Apologies, thx for the clarification, Deva,
-jay
> -Deva
>
>>
>>> On Sun, Jun 8, 2014 at 8:46 AM, Roman Podoliaka <rpodolyaka at mirantis.com>
>>> wrote:
>>>>
>>>> Hi Mike,
>>>>
>>>>>>> However, when testing an application that uses a fixed set of tables,
>>>>>>> as should be the case for the majority if not all Openstack apps, there’s no
>>>>>>> reason that these tables need to be recreated for every test.
>>>>
>>>>
>>>> This is a very good point. I tried to use the recipe from SQLAlchemy
>>>> docs to run Nova DB API tests (yeah, I know, this might sound
>>>> confusing, but these are actually methods that access the database in
>>>> Nova) on production backends (MySQL and PostgreSQL). The abandoned
>>>> patch is here [1]. Julia Varlamova has been working on rebasing this
>>>> on master and should upload a new patch set soon.
>>>>
>>>> Overall, the approach with executing a test within a transaction and
>>>> then emitting ROLLBACK worked quite well. The only problem I ran into
>>>> were tests doing ROLLBACK on purpose. But you've updated the recipe
>>>> since then and this can probably be solved by using of save points. I
>>>> used a separate DB per a test running process to prevent race
>>>> conditions, but we should definitely give READ COMMITTED approach a
>>>> try.

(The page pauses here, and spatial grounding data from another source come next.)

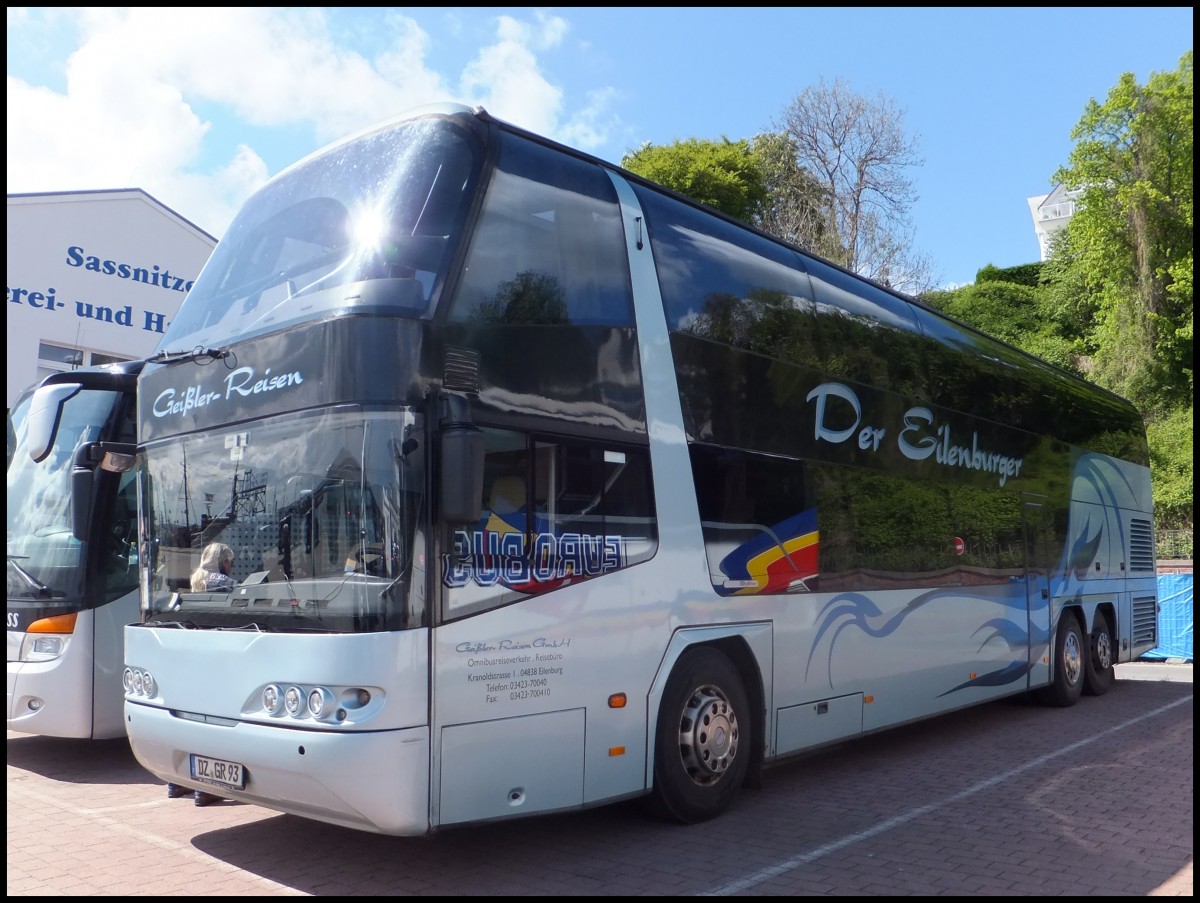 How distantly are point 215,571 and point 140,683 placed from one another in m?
0.99

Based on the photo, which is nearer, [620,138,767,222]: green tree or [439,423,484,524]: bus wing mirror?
[439,423,484,524]: bus wing mirror

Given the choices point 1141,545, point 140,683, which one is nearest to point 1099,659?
point 1141,545

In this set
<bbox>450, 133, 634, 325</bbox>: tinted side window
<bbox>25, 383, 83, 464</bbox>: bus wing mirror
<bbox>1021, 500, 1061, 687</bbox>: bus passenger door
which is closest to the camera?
<bbox>450, 133, 634, 325</bbox>: tinted side window

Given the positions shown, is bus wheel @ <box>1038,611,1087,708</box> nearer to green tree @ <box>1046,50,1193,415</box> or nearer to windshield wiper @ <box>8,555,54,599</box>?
windshield wiper @ <box>8,555,54,599</box>

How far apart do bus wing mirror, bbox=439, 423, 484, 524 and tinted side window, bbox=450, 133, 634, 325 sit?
72 centimetres

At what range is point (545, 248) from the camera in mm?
6117

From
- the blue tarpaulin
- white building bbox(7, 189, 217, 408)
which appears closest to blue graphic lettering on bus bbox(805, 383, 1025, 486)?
the blue tarpaulin

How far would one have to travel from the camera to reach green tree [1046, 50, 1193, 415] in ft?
96.7

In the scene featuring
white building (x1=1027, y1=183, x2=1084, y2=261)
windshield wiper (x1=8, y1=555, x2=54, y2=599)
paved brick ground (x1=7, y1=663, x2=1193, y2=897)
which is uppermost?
white building (x1=1027, y1=183, x2=1084, y2=261)

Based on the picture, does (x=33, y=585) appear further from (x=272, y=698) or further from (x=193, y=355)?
(x=272, y=698)

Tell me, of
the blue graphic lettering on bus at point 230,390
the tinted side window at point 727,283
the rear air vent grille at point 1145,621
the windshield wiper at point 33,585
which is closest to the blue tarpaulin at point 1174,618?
the rear air vent grille at point 1145,621

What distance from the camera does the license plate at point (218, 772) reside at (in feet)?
17.7

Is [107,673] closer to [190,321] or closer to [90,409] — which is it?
[90,409]

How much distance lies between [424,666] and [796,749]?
3.58 metres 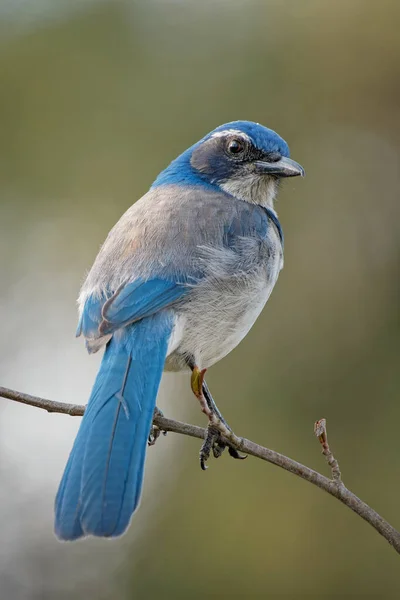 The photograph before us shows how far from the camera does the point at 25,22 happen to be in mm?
9945

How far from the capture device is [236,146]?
5.94 meters

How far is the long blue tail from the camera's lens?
4.01 m

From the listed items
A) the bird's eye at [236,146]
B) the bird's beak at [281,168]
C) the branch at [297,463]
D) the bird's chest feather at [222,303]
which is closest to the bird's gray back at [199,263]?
the bird's chest feather at [222,303]

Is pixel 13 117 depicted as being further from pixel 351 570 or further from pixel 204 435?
pixel 204 435

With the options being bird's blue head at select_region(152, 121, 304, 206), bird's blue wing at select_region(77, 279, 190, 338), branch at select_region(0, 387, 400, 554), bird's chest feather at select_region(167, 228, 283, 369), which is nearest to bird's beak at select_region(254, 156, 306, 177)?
bird's blue head at select_region(152, 121, 304, 206)

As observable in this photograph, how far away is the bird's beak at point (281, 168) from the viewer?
5.77m

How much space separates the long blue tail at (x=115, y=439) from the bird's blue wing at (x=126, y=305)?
7 cm

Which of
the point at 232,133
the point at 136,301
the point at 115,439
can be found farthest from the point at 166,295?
the point at 232,133

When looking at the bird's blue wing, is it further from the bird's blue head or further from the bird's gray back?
the bird's blue head

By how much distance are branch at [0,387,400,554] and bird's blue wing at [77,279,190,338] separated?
0.45 m

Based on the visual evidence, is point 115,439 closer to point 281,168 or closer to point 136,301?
point 136,301

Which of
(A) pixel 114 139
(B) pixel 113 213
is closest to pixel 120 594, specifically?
(B) pixel 113 213

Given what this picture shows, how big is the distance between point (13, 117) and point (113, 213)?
164 centimetres

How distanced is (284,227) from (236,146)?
3.18 m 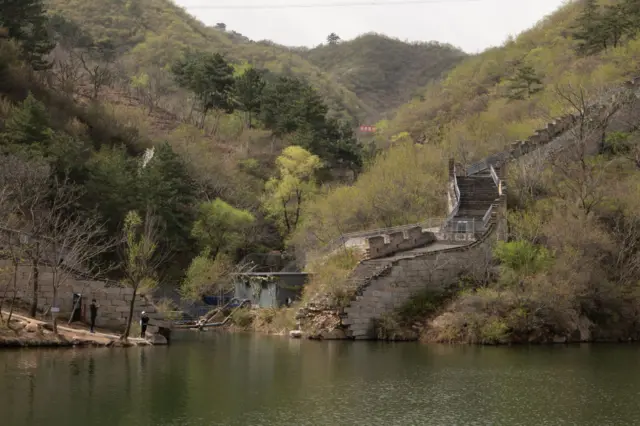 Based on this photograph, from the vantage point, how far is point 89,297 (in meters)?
32.6

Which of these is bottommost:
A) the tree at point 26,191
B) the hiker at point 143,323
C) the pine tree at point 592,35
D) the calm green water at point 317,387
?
the calm green water at point 317,387

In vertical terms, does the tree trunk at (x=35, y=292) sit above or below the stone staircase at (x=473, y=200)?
below

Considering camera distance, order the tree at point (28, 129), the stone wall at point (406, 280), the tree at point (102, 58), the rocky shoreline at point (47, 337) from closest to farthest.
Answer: the rocky shoreline at point (47, 337) < the stone wall at point (406, 280) < the tree at point (28, 129) < the tree at point (102, 58)

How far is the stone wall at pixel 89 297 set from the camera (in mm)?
31609

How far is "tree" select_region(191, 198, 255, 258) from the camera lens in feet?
179

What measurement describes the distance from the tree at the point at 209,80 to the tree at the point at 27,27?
1540 centimetres

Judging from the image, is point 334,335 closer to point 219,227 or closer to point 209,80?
point 219,227

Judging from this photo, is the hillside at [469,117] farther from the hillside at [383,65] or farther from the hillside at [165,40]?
the hillside at [383,65]

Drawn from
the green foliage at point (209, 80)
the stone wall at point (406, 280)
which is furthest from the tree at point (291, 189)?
the stone wall at point (406, 280)

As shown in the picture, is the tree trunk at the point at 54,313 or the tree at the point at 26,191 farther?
the tree at the point at 26,191

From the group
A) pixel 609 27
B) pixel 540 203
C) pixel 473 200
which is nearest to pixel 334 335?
pixel 473 200

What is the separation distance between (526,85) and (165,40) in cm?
7351

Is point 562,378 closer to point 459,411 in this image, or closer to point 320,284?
point 459,411

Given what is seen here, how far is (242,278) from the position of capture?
47.0m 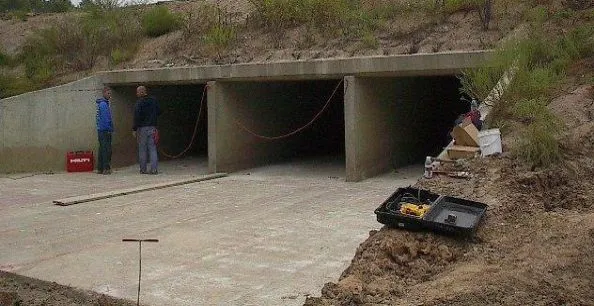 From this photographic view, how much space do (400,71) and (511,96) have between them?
2.90 metres

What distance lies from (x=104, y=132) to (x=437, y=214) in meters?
9.14

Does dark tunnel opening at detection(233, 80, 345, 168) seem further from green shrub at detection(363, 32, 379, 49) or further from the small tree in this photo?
the small tree

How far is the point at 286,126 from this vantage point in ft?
49.0

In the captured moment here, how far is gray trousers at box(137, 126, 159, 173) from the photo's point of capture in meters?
12.8

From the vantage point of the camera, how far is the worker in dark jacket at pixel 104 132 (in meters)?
12.8

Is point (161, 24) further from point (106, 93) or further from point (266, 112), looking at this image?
point (266, 112)

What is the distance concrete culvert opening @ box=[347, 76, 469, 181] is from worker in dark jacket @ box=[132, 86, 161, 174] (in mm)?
4204

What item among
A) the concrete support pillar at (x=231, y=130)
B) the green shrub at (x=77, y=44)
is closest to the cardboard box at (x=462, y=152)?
the concrete support pillar at (x=231, y=130)

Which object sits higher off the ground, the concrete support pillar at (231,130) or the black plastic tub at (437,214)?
the concrete support pillar at (231,130)

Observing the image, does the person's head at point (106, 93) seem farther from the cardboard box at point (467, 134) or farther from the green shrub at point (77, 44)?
the cardboard box at point (467, 134)

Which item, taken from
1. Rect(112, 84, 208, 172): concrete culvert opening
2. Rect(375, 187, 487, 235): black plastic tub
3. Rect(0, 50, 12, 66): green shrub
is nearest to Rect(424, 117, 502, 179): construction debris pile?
Rect(375, 187, 487, 235): black plastic tub

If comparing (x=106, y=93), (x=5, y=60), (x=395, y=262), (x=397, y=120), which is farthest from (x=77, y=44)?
(x=395, y=262)

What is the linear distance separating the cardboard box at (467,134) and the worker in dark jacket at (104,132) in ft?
25.9

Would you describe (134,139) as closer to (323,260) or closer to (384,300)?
(323,260)
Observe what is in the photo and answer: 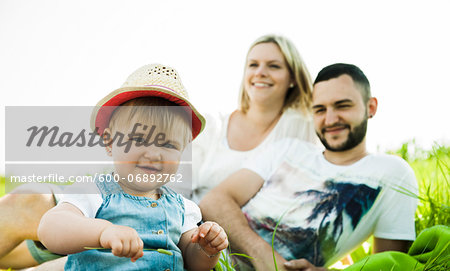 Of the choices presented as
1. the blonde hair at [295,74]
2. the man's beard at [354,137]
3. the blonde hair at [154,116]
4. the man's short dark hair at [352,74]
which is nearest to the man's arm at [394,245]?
the man's beard at [354,137]

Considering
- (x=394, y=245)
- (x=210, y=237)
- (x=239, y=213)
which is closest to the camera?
(x=210, y=237)

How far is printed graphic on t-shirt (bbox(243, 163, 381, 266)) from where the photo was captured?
147 cm

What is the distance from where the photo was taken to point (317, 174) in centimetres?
160

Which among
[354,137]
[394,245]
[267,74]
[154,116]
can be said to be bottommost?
Answer: [394,245]

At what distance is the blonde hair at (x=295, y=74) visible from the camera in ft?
6.44

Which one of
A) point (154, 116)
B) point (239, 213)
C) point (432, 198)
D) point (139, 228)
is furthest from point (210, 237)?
point (432, 198)

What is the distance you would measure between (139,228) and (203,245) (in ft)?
0.50

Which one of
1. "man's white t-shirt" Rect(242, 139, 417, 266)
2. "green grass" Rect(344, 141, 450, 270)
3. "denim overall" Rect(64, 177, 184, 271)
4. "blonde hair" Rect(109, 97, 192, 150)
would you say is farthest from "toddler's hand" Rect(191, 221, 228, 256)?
"green grass" Rect(344, 141, 450, 270)

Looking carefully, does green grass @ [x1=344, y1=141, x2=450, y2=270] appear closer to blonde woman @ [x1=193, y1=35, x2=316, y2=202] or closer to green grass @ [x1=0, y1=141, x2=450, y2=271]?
green grass @ [x1=0, y1=141, x2=450, y2=271]

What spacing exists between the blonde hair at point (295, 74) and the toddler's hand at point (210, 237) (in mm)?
1222

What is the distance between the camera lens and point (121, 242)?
708mm

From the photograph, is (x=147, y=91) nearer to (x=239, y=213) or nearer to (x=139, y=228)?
(x=139, y=228)

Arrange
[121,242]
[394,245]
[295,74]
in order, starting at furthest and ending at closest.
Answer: [295,74] → [394,245] → [121,242]

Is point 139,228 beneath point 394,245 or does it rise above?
above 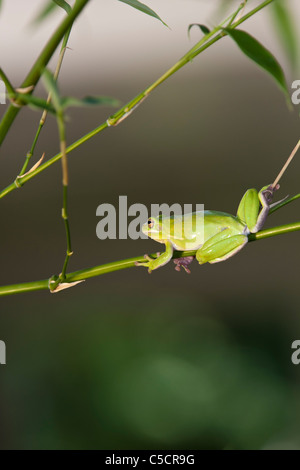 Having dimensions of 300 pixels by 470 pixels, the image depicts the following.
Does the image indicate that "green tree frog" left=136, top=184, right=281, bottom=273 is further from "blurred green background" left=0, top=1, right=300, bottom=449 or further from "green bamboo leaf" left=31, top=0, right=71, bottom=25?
"blurred green background" left=0, top=1, right=300, bottom=449

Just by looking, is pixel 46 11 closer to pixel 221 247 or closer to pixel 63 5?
pixel 63 5

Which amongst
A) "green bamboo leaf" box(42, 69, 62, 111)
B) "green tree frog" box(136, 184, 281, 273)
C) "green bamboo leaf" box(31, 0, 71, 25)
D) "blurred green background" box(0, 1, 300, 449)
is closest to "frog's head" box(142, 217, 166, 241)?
"green tree frog" box(136, 184, 281, 273)

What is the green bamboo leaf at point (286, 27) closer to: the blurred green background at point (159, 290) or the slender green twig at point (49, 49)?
the slender green twig at point (49, 49)

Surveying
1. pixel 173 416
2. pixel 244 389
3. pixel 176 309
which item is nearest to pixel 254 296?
pixel 176 309

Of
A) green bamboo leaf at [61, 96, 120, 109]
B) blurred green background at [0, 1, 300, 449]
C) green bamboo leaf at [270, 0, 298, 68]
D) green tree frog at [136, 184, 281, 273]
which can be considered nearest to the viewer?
green bamboo leaf at [61, 96, 120, 109]

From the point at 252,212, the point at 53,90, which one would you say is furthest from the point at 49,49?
the point at 252,212

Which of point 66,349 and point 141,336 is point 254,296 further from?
point 66,349

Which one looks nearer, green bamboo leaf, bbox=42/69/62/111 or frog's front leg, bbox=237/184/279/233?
green bamboo leaf, bbox=42/69/62/111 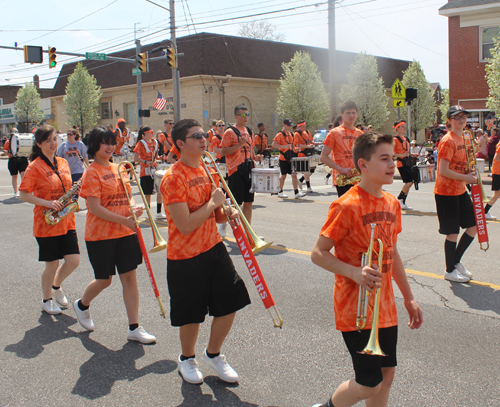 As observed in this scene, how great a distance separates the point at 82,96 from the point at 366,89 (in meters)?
25.2

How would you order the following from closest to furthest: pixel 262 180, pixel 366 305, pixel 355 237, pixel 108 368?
1. pixel 366 305
2. pixel 355 237
3. pixel 108 368
4. pixel 262 180

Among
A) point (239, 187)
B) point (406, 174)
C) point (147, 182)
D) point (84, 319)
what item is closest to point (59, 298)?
point (84, 319)

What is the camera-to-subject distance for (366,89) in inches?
1534

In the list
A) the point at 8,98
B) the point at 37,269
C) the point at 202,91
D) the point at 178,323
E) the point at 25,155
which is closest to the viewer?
the point at 178,323

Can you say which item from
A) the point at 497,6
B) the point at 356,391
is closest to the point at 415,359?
the point at 356,391

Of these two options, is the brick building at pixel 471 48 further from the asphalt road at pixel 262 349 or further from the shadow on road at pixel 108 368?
the shadow on road at pixel 108 368

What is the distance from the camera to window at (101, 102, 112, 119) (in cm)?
4700

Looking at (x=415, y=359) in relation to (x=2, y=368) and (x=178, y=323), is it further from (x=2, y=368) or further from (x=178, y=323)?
(x=2, y=368)

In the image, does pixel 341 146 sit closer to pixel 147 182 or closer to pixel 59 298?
pixel 59 298

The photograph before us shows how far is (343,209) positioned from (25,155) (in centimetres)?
1419

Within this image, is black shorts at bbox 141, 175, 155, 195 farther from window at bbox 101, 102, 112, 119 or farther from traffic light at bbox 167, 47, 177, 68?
window at bbox 101, 102, 112, 119

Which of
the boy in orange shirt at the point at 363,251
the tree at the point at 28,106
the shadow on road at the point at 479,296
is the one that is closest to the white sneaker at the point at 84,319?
the boy in orange shirt at the point at 363,251

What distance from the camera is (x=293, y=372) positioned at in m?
3.77

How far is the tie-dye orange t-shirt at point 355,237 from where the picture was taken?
8.64 feet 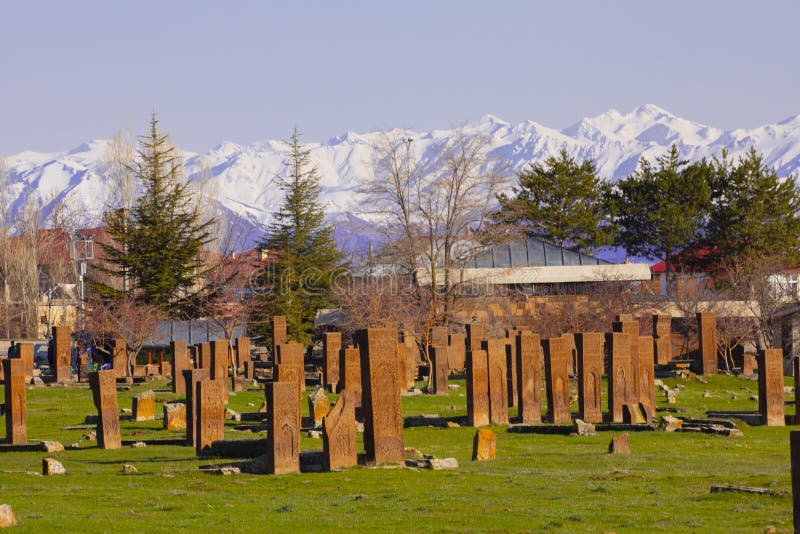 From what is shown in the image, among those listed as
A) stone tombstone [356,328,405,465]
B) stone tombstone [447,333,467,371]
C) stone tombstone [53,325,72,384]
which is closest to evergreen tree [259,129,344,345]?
stone tombstone [447,333,467,371]

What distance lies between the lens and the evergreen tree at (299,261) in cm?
7669

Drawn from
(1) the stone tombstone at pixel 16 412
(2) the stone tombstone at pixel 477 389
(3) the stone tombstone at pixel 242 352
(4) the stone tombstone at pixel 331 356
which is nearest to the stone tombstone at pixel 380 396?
(2) the stone tombstone at pixel 477 389

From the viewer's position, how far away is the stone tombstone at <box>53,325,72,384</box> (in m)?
54.2

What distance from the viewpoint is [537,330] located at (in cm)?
6938

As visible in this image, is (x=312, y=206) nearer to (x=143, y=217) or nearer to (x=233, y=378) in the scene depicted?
(x=143, y=217)

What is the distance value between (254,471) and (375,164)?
47.6m

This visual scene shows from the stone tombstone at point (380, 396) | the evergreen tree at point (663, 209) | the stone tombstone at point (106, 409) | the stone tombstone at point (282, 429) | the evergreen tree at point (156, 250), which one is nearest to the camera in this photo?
the stone tombstone at point (282, 429)

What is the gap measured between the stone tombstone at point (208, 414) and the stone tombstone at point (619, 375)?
446 inches

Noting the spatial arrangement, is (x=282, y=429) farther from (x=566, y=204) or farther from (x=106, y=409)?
(x=566, y=204)

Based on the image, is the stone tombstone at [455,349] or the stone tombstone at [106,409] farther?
the stone tombstone at [455,349]

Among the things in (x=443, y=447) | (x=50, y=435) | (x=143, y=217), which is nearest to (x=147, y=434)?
(x=50, y=435)

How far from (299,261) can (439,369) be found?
35.4 meters

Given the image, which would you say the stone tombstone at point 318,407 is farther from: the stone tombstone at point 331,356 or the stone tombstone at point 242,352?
the stone tombstone at point 242,352

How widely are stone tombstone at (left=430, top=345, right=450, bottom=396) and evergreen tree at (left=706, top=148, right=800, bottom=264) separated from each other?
44109 mm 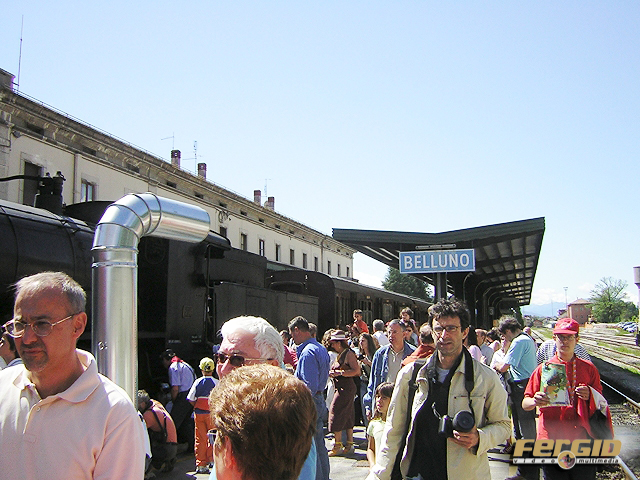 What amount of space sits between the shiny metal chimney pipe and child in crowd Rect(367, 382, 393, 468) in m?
2.10

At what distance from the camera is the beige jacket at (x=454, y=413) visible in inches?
137

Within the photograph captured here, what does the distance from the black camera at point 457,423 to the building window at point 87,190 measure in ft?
83.7

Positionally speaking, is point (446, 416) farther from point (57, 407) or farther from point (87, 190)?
point (87, 190)

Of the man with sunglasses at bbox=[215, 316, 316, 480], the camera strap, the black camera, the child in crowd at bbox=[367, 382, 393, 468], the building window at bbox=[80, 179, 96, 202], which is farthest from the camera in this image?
the building window at bbox=[80, 179, 96, 202]

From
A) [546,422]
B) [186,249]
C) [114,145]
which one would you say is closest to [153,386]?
[186,249]

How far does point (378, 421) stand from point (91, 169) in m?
24.3

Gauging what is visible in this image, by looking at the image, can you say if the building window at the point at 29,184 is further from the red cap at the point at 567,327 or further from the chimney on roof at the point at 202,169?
the red cap at the point at 567,327

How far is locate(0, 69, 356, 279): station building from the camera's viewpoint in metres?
22.6

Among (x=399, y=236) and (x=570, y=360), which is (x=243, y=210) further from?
(x=570, y=360)

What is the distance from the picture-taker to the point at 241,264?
12.5 meters

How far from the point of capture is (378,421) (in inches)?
212

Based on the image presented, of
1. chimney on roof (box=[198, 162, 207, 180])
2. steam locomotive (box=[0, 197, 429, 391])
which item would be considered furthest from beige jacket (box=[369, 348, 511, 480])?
chimney on roof (box=[198, 162, 207, 180])

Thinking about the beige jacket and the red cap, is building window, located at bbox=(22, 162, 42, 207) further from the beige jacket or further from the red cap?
the beige jacket

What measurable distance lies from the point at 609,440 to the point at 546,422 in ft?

If it works, that will awesome.
>>>>
>>>> With a few tweaks of PostgreSQL config I was able to run Nova DB API
>>>> tests in 13-15 seconds, while SQLite in memory took about 7s.
>>>>
>>>> Action items for me and Julia probably: [2] needs a spec with [1]
>>>> updated accordingly. Using of this 'test in a transaction' approach
>>>> seems to be a way to go for running all db related tests except the
>>>> ones using DDL statements (as any DDL statement commits the current
>>>> transaction implicitly on MySQL and SQLite AFAIK).
>>>>
>>>> Thanks,
>>>> Roman
>>>>
>>>> [1] https://review.openstack.org/#/c/33236/
>>>> [2]
>>>> https://blueprints.launchpad.net/nova/+spec/db-api-tests-on-all-backends
>>>>
>>>> On Sat, Jun 7, 2014 at 10:27 PM, Mike Bayer <mbayer at redhat.com> wrote:
>>>>>
>>>>>
>>>>> On Jun 6, 2014, at 8:12 PM, Devananda van der Veen
>>>>> <devananda.vdv at gmail.com>
>>>>> wrote:
>>>>>
>>>>> I think some things are broken in the oslo-incubator db migration code.
>>>>>
>>>>> Ironic moved to this when Juno opened and things seemed fine, until
>>>>> recently
>>>>> when Lucas tried to add a DB migration and noticed that it didn't run...
>>>>> So
>>>>> I looked into it a bit today. Below are my findings.
>>>>>
>>>>> Firstly, I filed this bug and proposed a fix, because I think that tests
>>>>> that don't run any code should not report that they passed -- they
>>>>> should
>>>>> report that they were skipped.
>>>>> https://bugs.launchpad.net/oslo/+bug/1327397
>>>>> "No notice given when db migrations are not run due to missing
>>>>> engine"
>>>>>
>>>>> Then, I edited the test_migrations.conf file appropriately for my local
>>>>> mysql service, ran the tests again, and verified that migration tests
>>>>> ran --
>>>>> and they passed. Great!
>>>>>
>>>>> Now, a little background... Ironic's TestMigrations class inherits from
>>>>> oslo's BaseMigrationTestCase, then "opportunistically" checks each
>>>>> back-end,
>>>>> if it's available. This opportunistic checking was inherited from Nova
>>>>> so
>>>>> that tests could pass on developer workstations where not all backends
>>>>> are
>>>>> present (eg, I have mysql installed, but not postgres), and still
>>>>> transparently run on all backends in the gate. I couldn't find such
>>>>> opportunistic testing in the oslo db migration test code, unfortunately
>>>>> -
>>>>> but maybe it's well hidden.
>>>>>
>>>>> Anyhow. When I stopped the local mysql service (leaving the
>>>>> configuration
>>>>> unchanged), I expected the tests to be skipped, but instead I got two
>>>>> surprise failures:
>>>>> - test_mysql_opportunistically() failed because setUp() raises an
>>>>> exception
>>>>> before the test code could call calling _have_mysql()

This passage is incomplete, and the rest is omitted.